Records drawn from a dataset
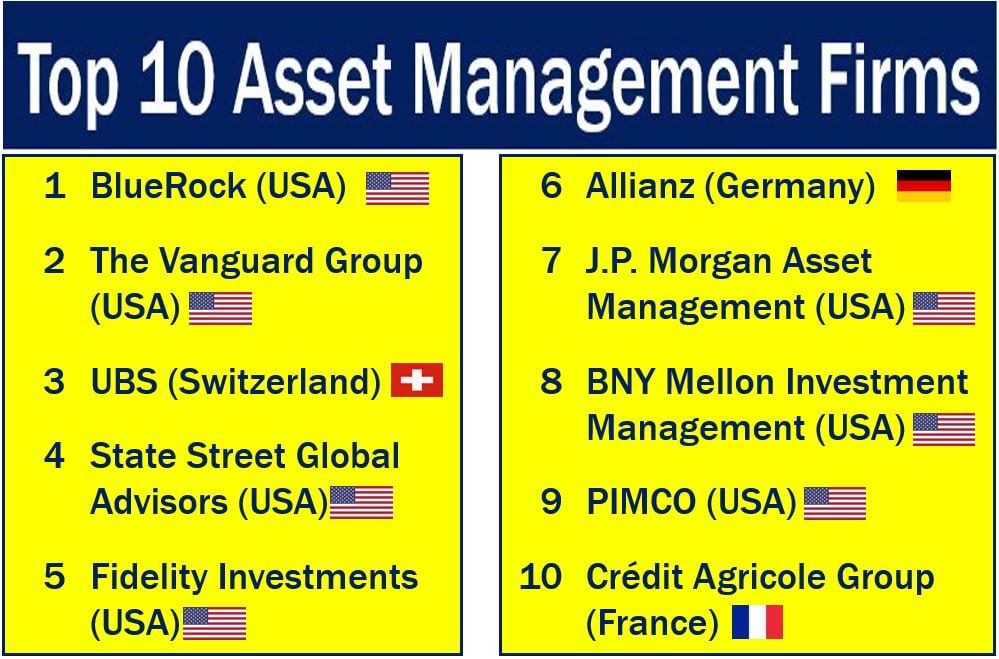 Top ten asset management companies
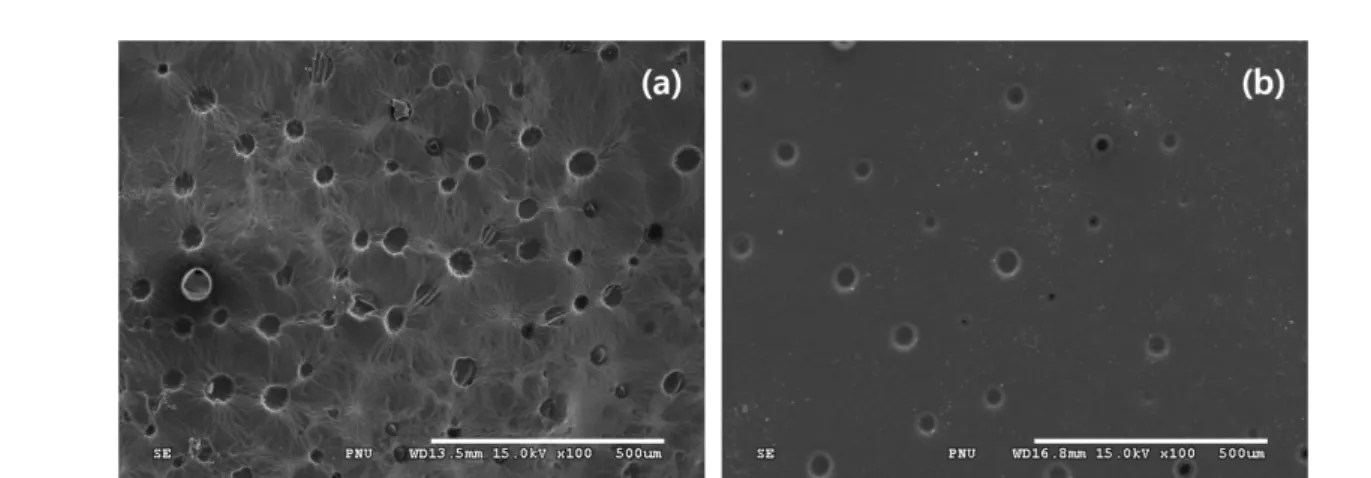 Figure 9. Foam distribution in the cured polymer matrix with different types of foaming agent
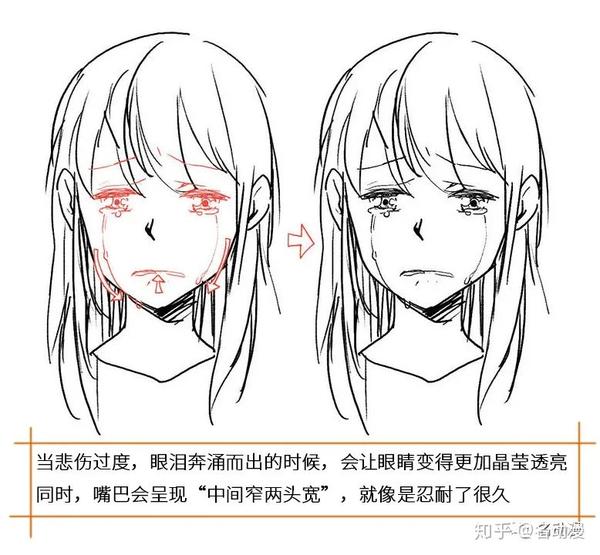 【名动漫】每日一练|教你画出哭泣的少女脸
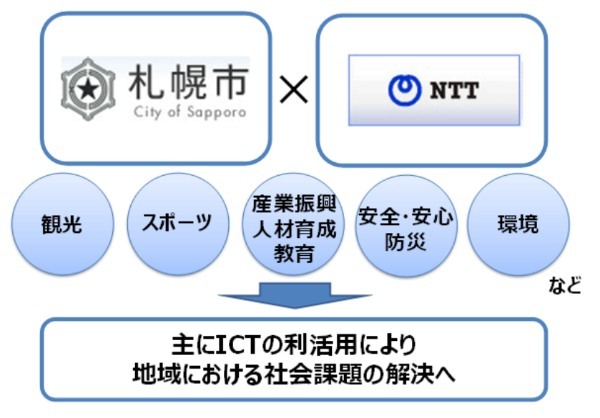 NTT_さっぽろまちづくりパートナー協定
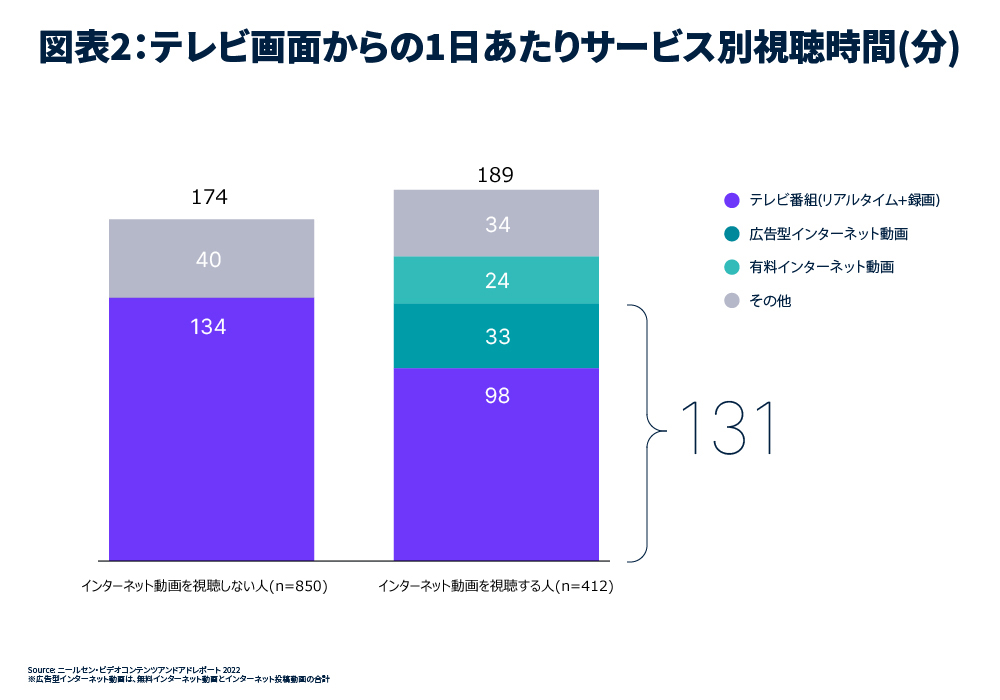 차트 2_20220427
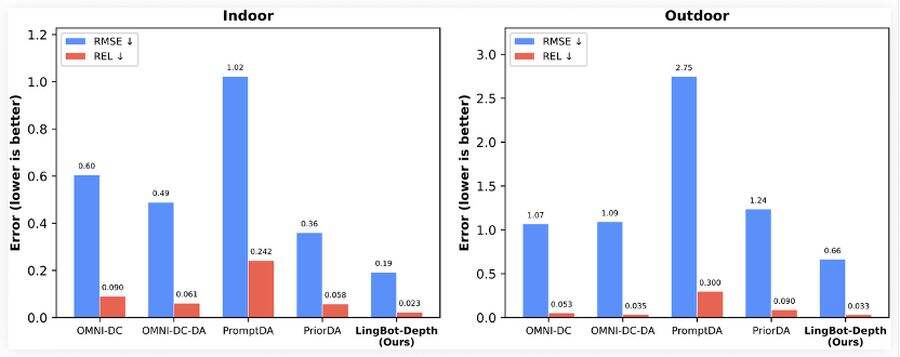 蚂蚁灵波开源空间感知模型LingBot-Depth，让机器人精准抓取透明反光物-DOIT-数据产业媒体与服务平台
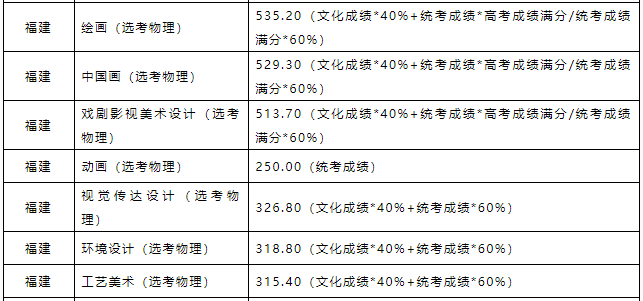 北京壹加壹卓越画室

Aim of the exercise -
Emit an exact copy of the lines from the line bearing "차트 2_20220427" through the last line above, inclusive, and leave the images out.

Response area -
 차트 2_20220427
 蚂蚁灵波开源空间感知模型LingBot-Depth，让机器人精准抓取透明反光物-DOIT-数据产业媒体与服务平台
 北京壹加壹卓越画室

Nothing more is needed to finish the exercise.